Precisione. La distanza tra un tasto e l’altro del pianoforte o la posizione sulla corda di un violino (un millimetro più su o giù) determina l’esecuzione o meno della nota giusta. Ne determina l’intonazione. Così è per i tennisti. Il colpo perfetto è quello al limite tra la riga bianca e il rosso della terra. Il colpo che non sai mai se sia dentro o fuori. Il colpo perfetto però si genera dal colpire la pallina nel punto esatto. Una questione di “micrometri” direbbe sempre Wallace. 

 

Play tennis, play piano. In entrambi i casi, l’arte del gesto è fondamentale.

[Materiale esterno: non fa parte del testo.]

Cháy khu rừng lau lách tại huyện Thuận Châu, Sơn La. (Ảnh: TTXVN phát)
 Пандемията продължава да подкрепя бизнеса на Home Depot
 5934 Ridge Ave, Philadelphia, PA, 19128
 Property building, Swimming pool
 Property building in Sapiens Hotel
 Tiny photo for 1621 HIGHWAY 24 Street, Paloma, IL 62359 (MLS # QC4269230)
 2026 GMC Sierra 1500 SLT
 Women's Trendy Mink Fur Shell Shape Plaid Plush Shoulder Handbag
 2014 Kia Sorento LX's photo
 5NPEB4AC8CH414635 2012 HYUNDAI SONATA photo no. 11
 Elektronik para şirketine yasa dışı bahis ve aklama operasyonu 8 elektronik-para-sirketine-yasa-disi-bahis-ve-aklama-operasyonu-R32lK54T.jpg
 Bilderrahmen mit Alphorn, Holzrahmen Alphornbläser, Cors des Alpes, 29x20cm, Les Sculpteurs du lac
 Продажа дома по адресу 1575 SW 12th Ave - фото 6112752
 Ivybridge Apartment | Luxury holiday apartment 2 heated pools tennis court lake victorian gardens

Un gesto fatto in maniera errata, troppo lento o troppo affrettato, rigido o rilassato cambia completamente l’interpretazione. La gestualità non è solo durante l’esecuzione ma anche quella che precede il colpo, o l’attacco di un brano.

 

Infine il silenzio. Durante un concerto o durante uno scambio tra due tennisti il pubblico è in silenzio:  stima e rispetto verso quello che succede in campo, coscienza di stare davanti a qualcosa di grande.